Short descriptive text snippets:
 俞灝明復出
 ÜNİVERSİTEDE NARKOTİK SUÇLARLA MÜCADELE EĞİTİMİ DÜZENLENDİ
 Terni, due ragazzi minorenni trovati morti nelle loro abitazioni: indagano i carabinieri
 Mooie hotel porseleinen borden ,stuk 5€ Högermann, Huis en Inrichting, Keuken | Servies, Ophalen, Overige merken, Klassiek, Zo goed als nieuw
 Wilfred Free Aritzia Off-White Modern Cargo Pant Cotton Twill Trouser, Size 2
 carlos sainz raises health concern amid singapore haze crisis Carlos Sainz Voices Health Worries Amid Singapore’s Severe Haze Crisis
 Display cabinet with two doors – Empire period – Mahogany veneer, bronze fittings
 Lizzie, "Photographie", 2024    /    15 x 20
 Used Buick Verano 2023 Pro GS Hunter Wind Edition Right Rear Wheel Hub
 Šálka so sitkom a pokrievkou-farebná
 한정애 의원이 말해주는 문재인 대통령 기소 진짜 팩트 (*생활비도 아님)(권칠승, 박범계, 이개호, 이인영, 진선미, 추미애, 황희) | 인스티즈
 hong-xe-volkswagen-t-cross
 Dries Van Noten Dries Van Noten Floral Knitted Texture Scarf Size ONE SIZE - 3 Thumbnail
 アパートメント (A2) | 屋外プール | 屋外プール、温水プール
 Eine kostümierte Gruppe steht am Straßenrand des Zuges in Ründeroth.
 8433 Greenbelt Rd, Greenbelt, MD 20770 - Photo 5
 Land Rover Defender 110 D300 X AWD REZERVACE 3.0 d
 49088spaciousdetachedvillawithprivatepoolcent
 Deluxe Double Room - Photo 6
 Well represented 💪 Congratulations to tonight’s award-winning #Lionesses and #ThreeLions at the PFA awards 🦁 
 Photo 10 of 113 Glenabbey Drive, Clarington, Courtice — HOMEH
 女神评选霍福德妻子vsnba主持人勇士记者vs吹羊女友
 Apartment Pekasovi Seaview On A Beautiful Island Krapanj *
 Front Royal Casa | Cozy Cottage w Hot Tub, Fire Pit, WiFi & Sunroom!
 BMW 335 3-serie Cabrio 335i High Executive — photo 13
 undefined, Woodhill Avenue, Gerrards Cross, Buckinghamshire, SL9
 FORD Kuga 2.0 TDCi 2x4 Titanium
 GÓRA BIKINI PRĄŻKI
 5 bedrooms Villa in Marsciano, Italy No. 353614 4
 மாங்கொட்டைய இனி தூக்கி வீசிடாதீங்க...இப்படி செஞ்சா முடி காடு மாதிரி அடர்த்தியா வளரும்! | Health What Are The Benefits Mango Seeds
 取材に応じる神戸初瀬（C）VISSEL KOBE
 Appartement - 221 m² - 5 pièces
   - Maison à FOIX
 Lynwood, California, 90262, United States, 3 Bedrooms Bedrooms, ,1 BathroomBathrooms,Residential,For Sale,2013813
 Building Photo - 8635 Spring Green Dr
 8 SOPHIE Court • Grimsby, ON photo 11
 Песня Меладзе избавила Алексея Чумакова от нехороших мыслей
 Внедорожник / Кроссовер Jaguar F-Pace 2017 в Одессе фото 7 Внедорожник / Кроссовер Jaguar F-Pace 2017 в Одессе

About this task> Print from the line containing "Appartement - 221 m² - 5 pièces" to the last line above, exactly as written.

Task solution>
 Appartement - 221 m² - 5 pièces
   - Maison à FOIX
 Lynwood, California, 90262, United States, 3 Bedrooms Bedrooms, ,1 BathroomBathrooms,Residential,For Sale,2013813
 Building Photo - 8635 Spring Green Dr
 8 SOPHIE Court • Grimsby, ON photo 11
 Песня Меладзе избавила Алексея Чумакова от нехороших мыслей
 Внедорожник / Кроссовер Jaguar F-Pace 2017 в Одессе фото 7 Внедорожник / Кроссовер Jaguar F-Pace 2017 в Одессе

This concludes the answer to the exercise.